▶ Work instruction
Output exactly the lines from the line that has "Laure-Line Caouette works" through the last line of the data below, with no pictures.

··· Data section

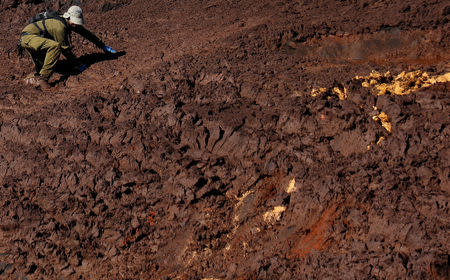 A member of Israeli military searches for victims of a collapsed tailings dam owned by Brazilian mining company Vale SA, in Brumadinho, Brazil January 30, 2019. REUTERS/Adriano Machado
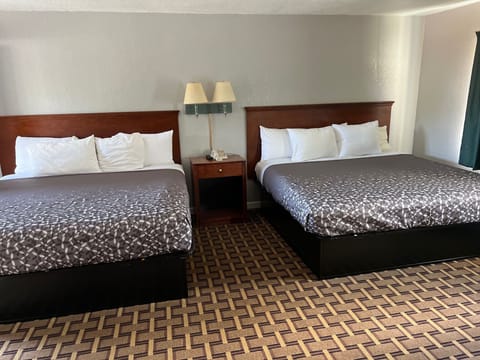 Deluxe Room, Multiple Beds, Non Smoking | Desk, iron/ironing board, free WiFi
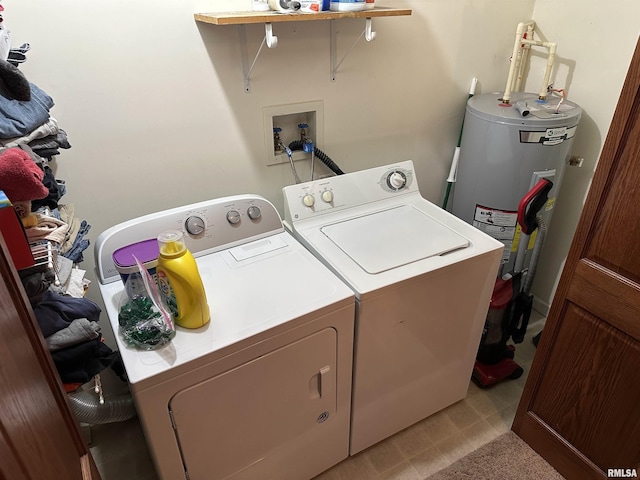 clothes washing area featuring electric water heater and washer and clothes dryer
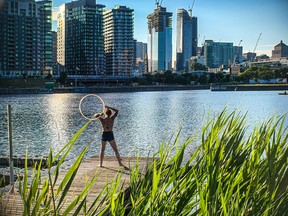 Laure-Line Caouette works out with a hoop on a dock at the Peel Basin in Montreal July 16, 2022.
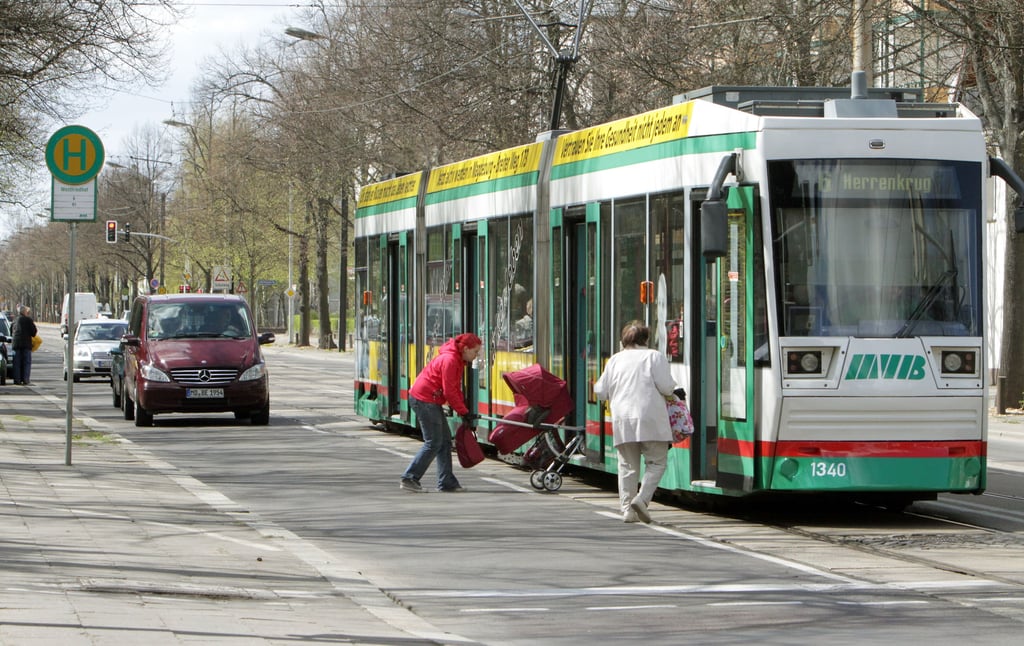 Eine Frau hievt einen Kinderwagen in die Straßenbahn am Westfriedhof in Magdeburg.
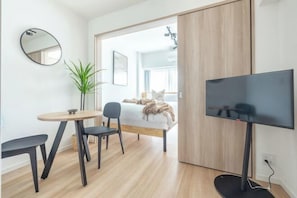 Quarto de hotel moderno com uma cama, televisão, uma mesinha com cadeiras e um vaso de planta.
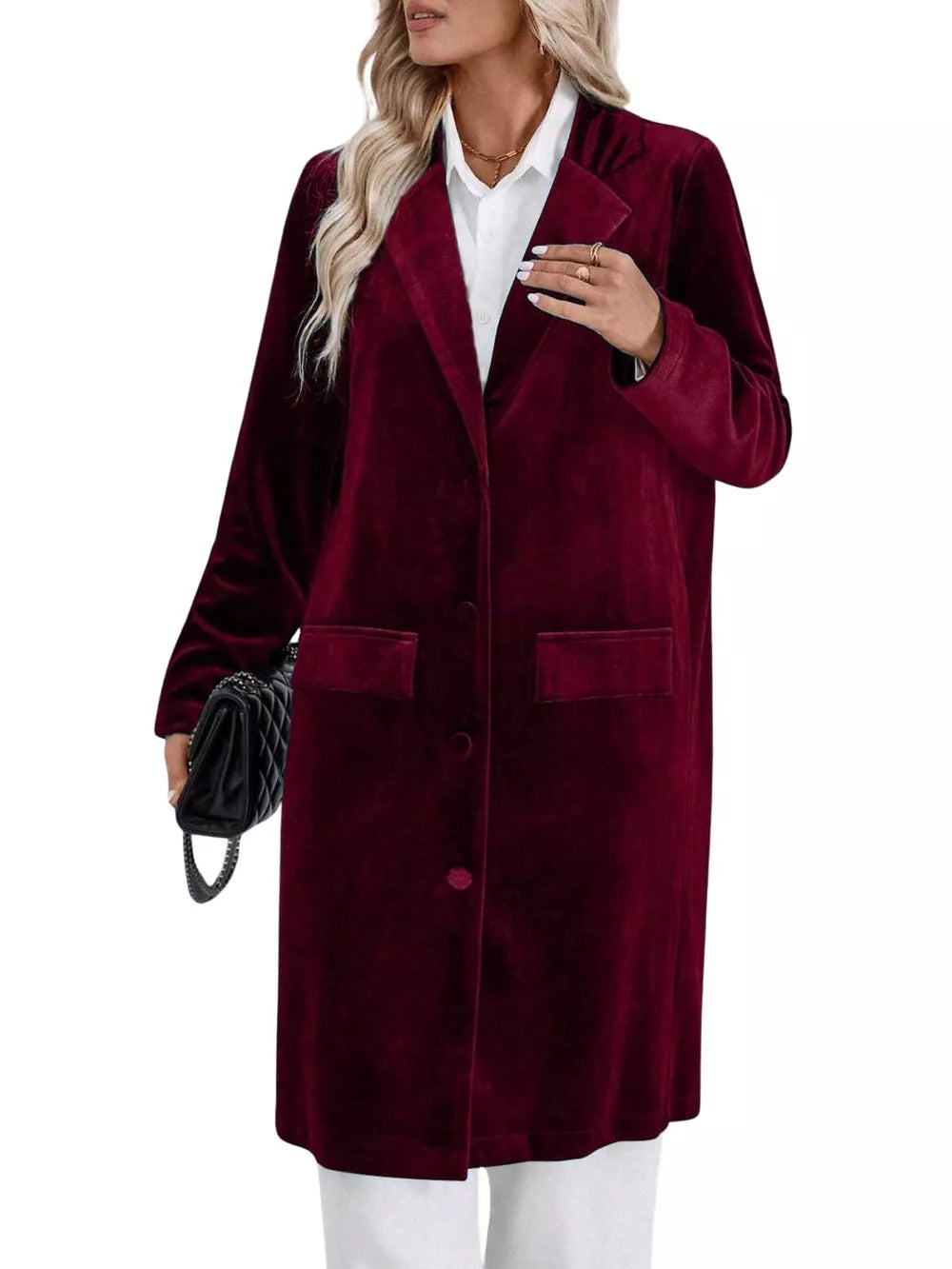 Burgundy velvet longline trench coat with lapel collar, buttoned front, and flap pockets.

······

▶ Answer box
 Laure-Line Caouette works out with a hoop on a dock at the Peel Basin in Montreal July 16, 2022.
 Eine Frau hievt einen Kinderwagen in die Straßenbahn am Westfriedhof in Magdeburg.
 Quarto de hotel moderno com uma cama, televisão, uma mesinha com cadeiras e um vaso de planta.
 Burgundy velvet longline trench coat with lapel collar, buttoned front, and flap pockets.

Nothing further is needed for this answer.